Taken together, our results indicate that FAF proteins, when expressed at high levels, can affect shoot meristem size in Arabidopsis thaliana by modulating CLV3-dependent WUS expression. In wild-type plants, only FAF2 and FAF4 are likely to participate in the regulation of WUS since only these two genes are normally expressed in the centre of the shoot meristem. In addition, FAF2 and FAF4 expression in the meristem appears to be under negative control by the CLV3. However, the observation that constitutive expression of any of the four FAFs can affect meristem size demonstrates that the ability to repress WUS is intrinsic to all four FAF proteins.
The shoot apical meristem is initiated early during embryogenesis and harbours a small population of pluripotent stem cells from which all aerial parts of the plant are derived [1, 25]. Establishment and maintenance of these stem cells depends on the activity of the WUS and CLV genes, which are mutually regulating each other's expression in a spatial negative feedback loop . WUS expression in the OC of the shoot meristem promotes stem cell fate in the cells above while the stem cells themselves secrete a small peptide, CLV3, which is perceived by CLV1 and, possibly, the CLV2/CRN receptor complex [3, 11, 12, 26]. Ultimately, CLV3-dependent signalling limits the size of the WUS-expressing OC. The WUS-CLV system is rather dynamic and can, over time, compensate for even 10-fold differences in CLV3 expression, indicating that CLV3 expression confers information about stem-cell position to the underlying OC rather than information about stem cell number .
Analysis of FAF overexpressing lines by RNA in situ hybridization demonstrated that WUS was strongly downregulated in these lines. The fact that the expression of WUS was affected regardless of which FAF gene was constitutively expressed, suggests that the ability to repress WUS is intrinsic to all four FAF proteins. In wild-type, FAF effects on WUS are likely to be exerted only by FAF2 and FAF4, which are the two FAF genes expressed in the centre of the shoot and/or inflorescence meristem in a domain that appears to be overlapping with the site of WUS expression.

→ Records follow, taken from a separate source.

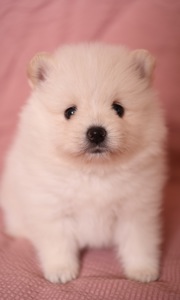 Померанський шпіц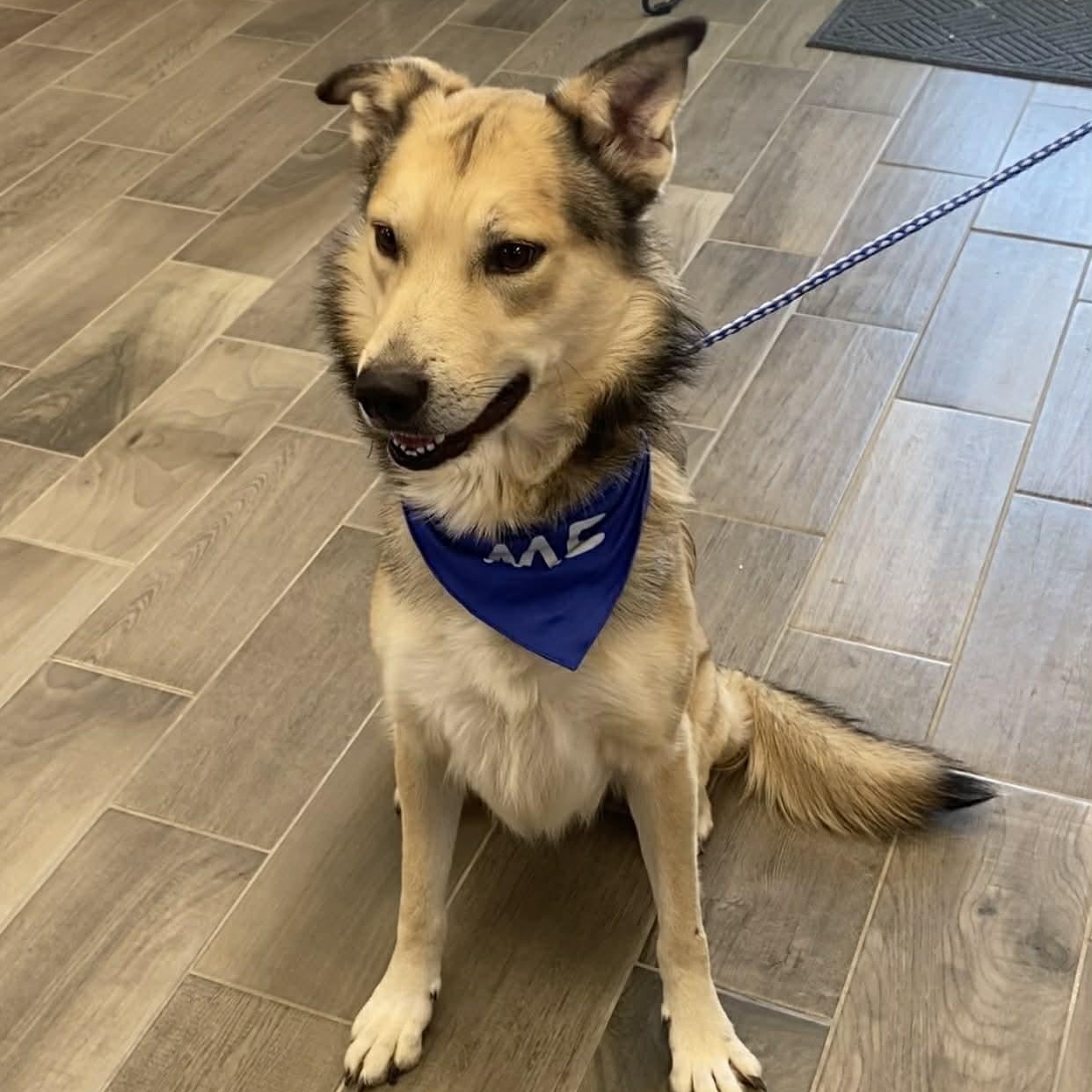 Chase, ADOPTABLE, Adult Male Shepherd & Collie.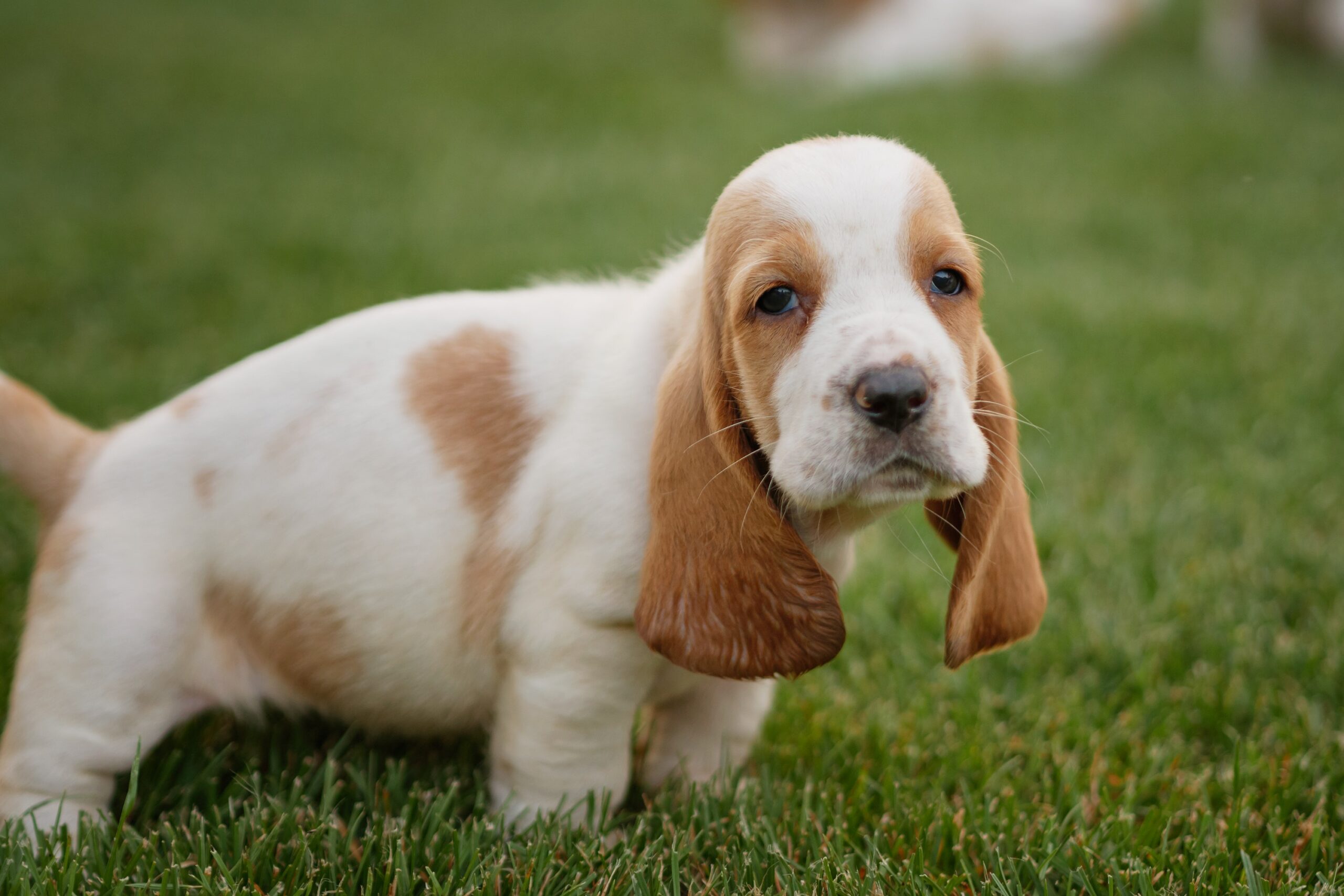 Which Foods Are Ideal for Basset Hound Puppies?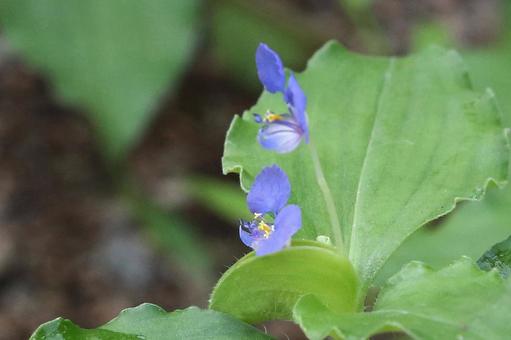 マルハツユクサ 植物,雑草,ツユクサの写真素材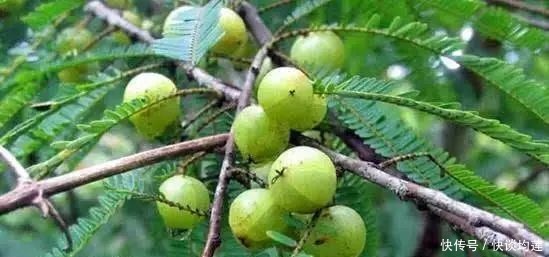 藏在身边的“止咳王”就是它,做法简单,止咳润肺,冬天不咳嗽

In the clv3-7 mutant the expression domains of WUS and FAF2/FAF4 appear to be largely exclusive. WUS is limited to the second meristem layer (L2) but is no longer detectable in the centre of the meristem [7, 27]. In contrast, expression of FAF2 and FAF4 were found to be upregulated in the centre of the meristem but are mostly excluded from the L2. This suggests that in wild-type expression of FAF2/FAF4 might attenuate WUS expression in the centre of the meristem whereas high levels of FAF2/FAF4 in clv3-7 prevent WUS from being expressed in the centre of the meristem and limit its expression to the L2. Based on our results, we propose that FAF genes function in the shoot meristem, with CLV3 negatively regulating FAF2 and FAF4 expression, which in turn contribute to the repression of WUS. In this context it is interesting to note that all four FAF proteins harbour a short sequence motif (L-X-L-X-L) that is reminiscent of the EAR repression motif . This would be in agreement with the proposed role of FAF proteins as repressors of WUS.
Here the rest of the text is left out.